FIXATION and DEHYDRATION:
Tissue can be fixed with routine light microscopy fixatives. Best results are obtained with neutralized buffered formalins or Bouins. Specimen size should be kept small at 0.2 x 0.2cm.
Dehydrate samples through a graded series of ethanol 70%-95%.
Because the JB-4 resin is water soluble, complete dehydration through 100% ethanol is not necessary, although recommended especially for large or dense tissue. Clearing agents such as xylene or chloroform are not necessary.
Fixation, dehydration, and infiltration can be accomplished manually or automated with the use of a regular tissue processor used for paraffin processing. Processing through cold (4 degrees C) fixative, buffer rinse and infiltration resin can be used for optimal enzyme and antigen retention and preservation. This procedure uses the infiltration resin as the dehydrating agent replacing the alcohol series. No alcohol dehydration is needed, but recommended for large, bloody, or fatty tissue.
PREPARATION OF JB-4 CATALYZED INFILTRATION RESIN:
Prepare the infiltration resin as follows: 100ml of JB-4 Solution A add 0.90 grams of dry Catalyst C. Mix until dissolved. Careful weighing of the catalyst is necessary for correct polymerization control. This infiltration solution may be stored for 5-6 weeks at 4 degrees C in a dark bottle.
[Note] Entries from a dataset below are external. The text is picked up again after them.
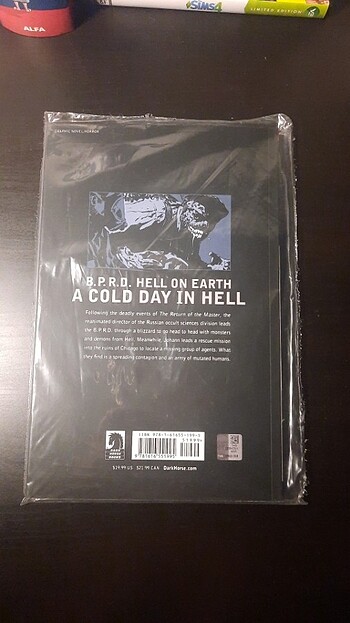 Beden Hellboy b.p.r.d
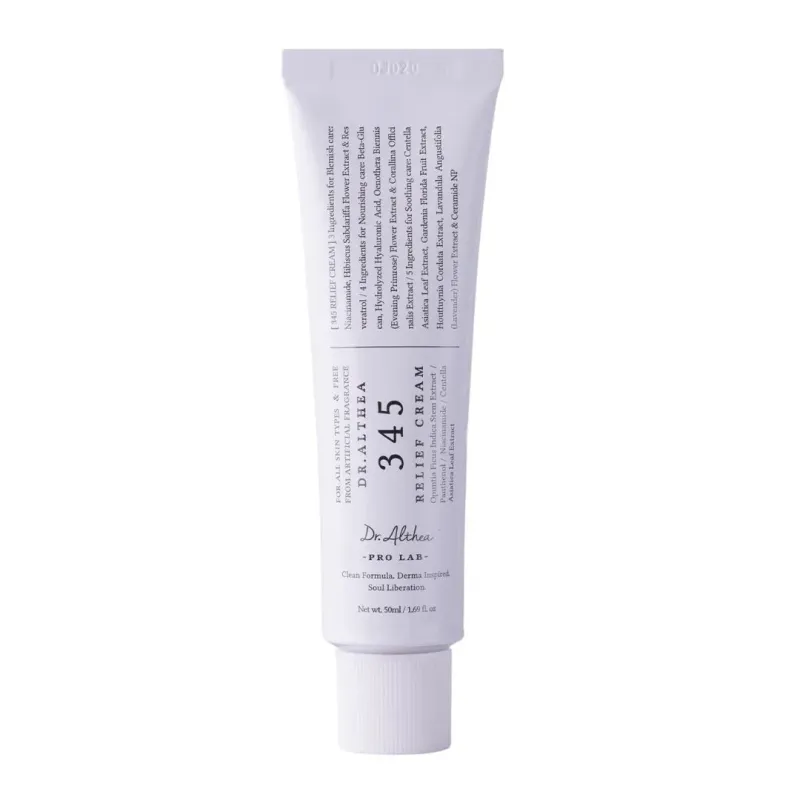 345 RELIEF CREAM FOR ALL SKIN TYPES DR. ALTHEA 50ML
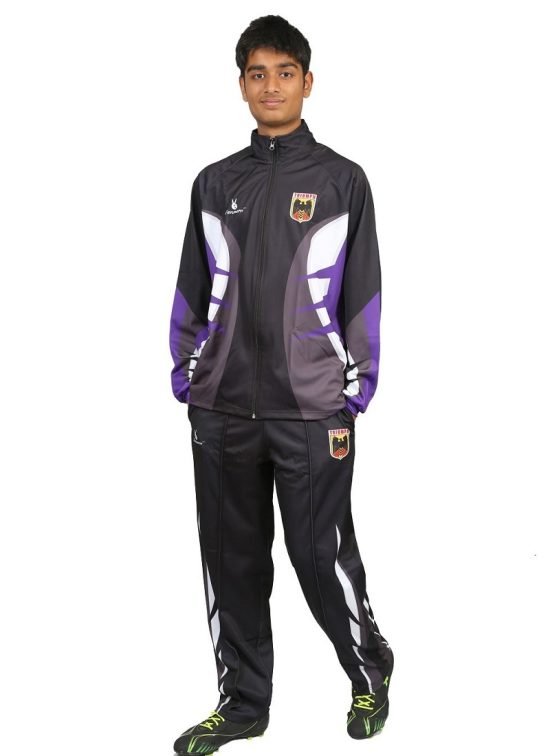 Casual Tracksuits for Men's Long Sleeve Jogging Suits Track Jackets and Pants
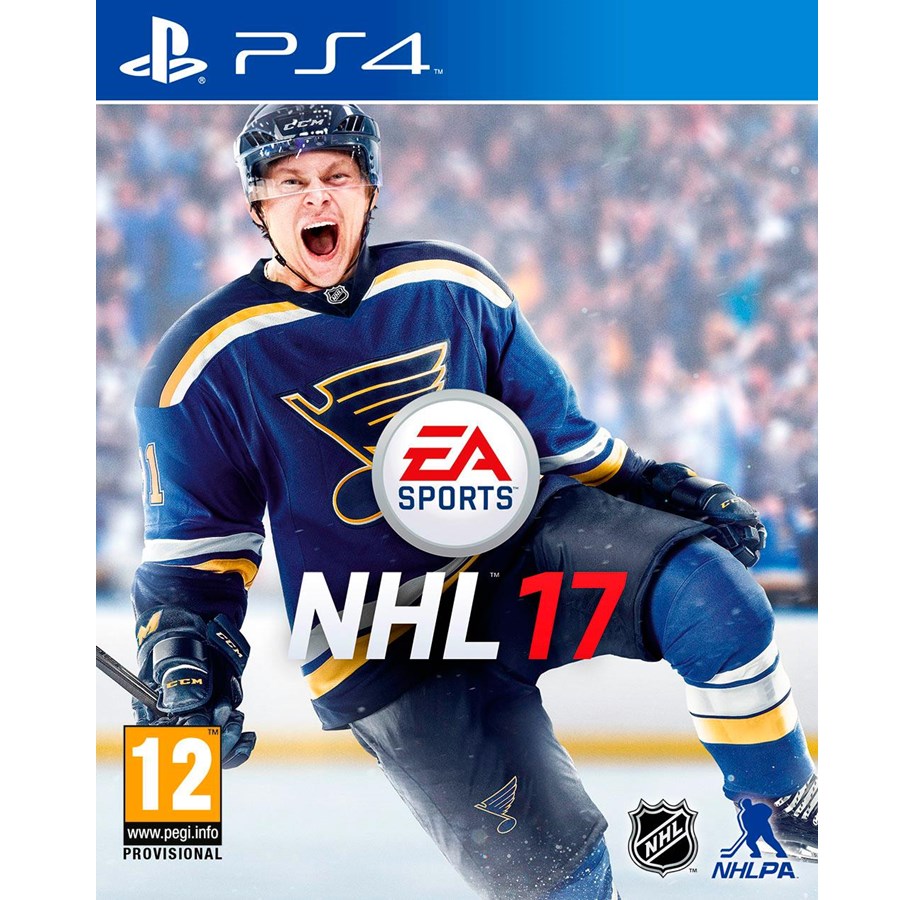 Pelit - NHL 17 - Sony PlayStation 4 - Urheilu - 5030933116375
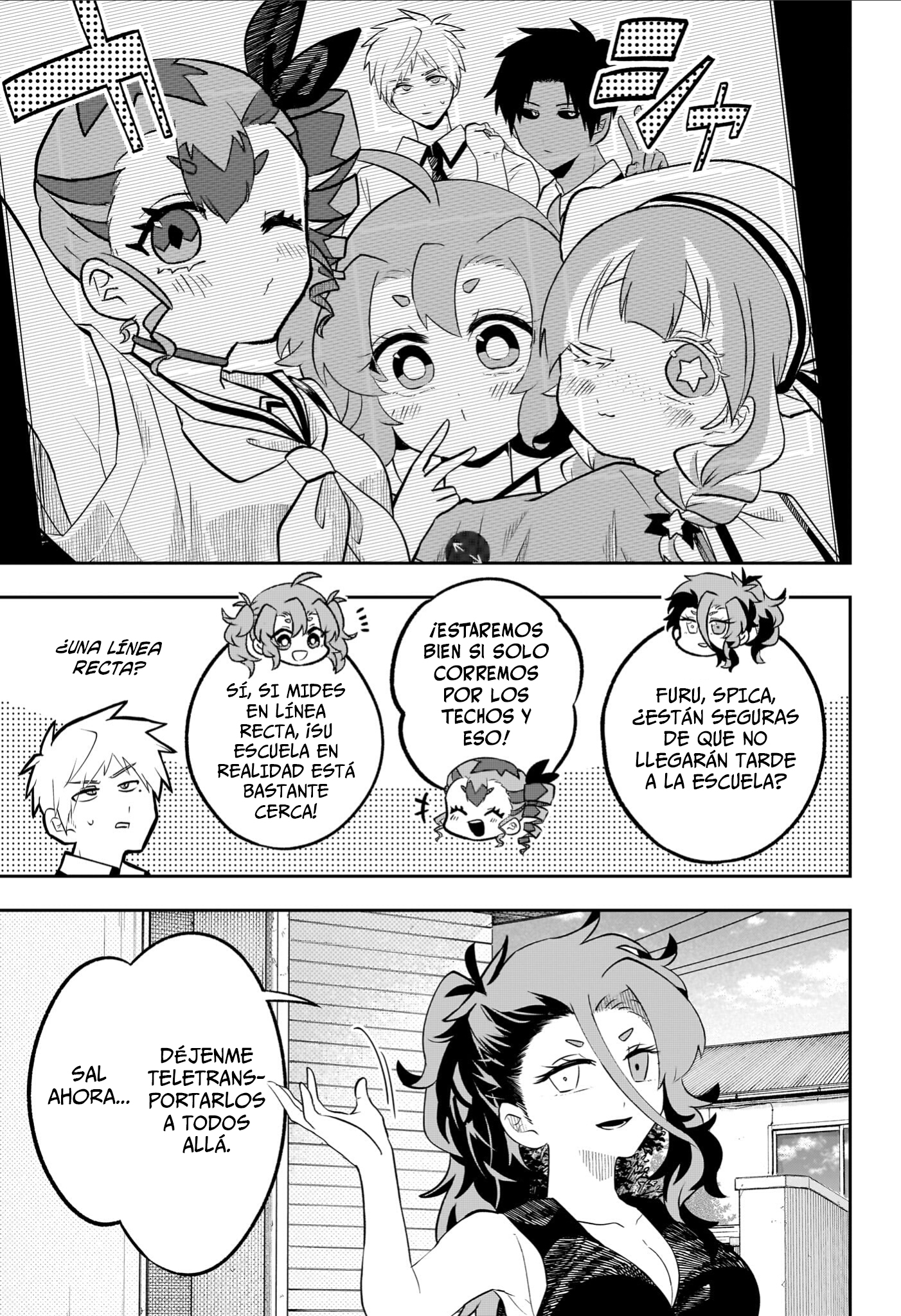 JK Yuusha to Inkyo Maou Capítulo 21 - Página 10 en español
The percentage of catalyst added to Solution A should be decreased to 0.5%-0.7% when using large quantities for automatic processor units. This aids in solution preservation and minimizes heat sensitivity under processor conditions. Also, decreasing catalyst percentage (0.7%) seems useful in providing positive immunostaining. Infiltration time ranges from 2 hours to several days depending on size and tissue density. The tissue appears translucent and usually sinks to the bottom of the container. These solutions should always be kept cold. When processing for routine samples, infiltration solution should be changed 3-4 times, 30-90 minutes duration for each change. Solutions and tissue should be agitated on a rotator or hematology shaker during infiltration.
Have embedding molds, labels, ice bath, gloves, instruments and cold fresh catalyzed Solution A ready before proceeding.
Prepare the embedding resin as follows: Add exactly 1ml of JB-4 Solution B to 25ml of fresh catalyzed Solution A. Never use exhausted infiltration resin for embedding. Stir well and place into an ice bath while embedding to retard premature polymerization. Anaerobic conditions are needed for polymerization.
Molds or embedding capsules must be filled and covered or capped tightly, using EBH-2 block holders Blocks will cut easier after removing from mold by exposure to air for a few hours. Polymerization is complete at room temperature in 50 minutes or less. NOTE: Polymerization proceeds more rapidly in larger batches; therefore, volumes should always remain under 50ml during polymerization. Polymerization will take somewhat longer in cold temperatures.
Optimal sectioning is performed with a microtome designed for plastic embedments. 0.5 micron-3 micron sections are cut with a dry glass or diamond knife, collected with forceps, and transferred onto a room temperature water bath surface, releasing sections before they touch the water. 1-2 drops of concentrated NH4OH added to the waterbath may aid in flattening sections. Sections are collected on pre-cleaned glass slides and air-dried before staining.
Dry sections are stained directly without xylene or alcohol pre-treatment. Longer staining times or higher stain concentrations may be necessary for thin sections. Alcohol or water rinses may be necessary after staining but the last step in the process should be water. Our Tissue-Tack (EMS Cat. #71301-01) may be used to affix tissue to the slide during lengthy procedures. Slides are mounted while still moist with most any mounting media.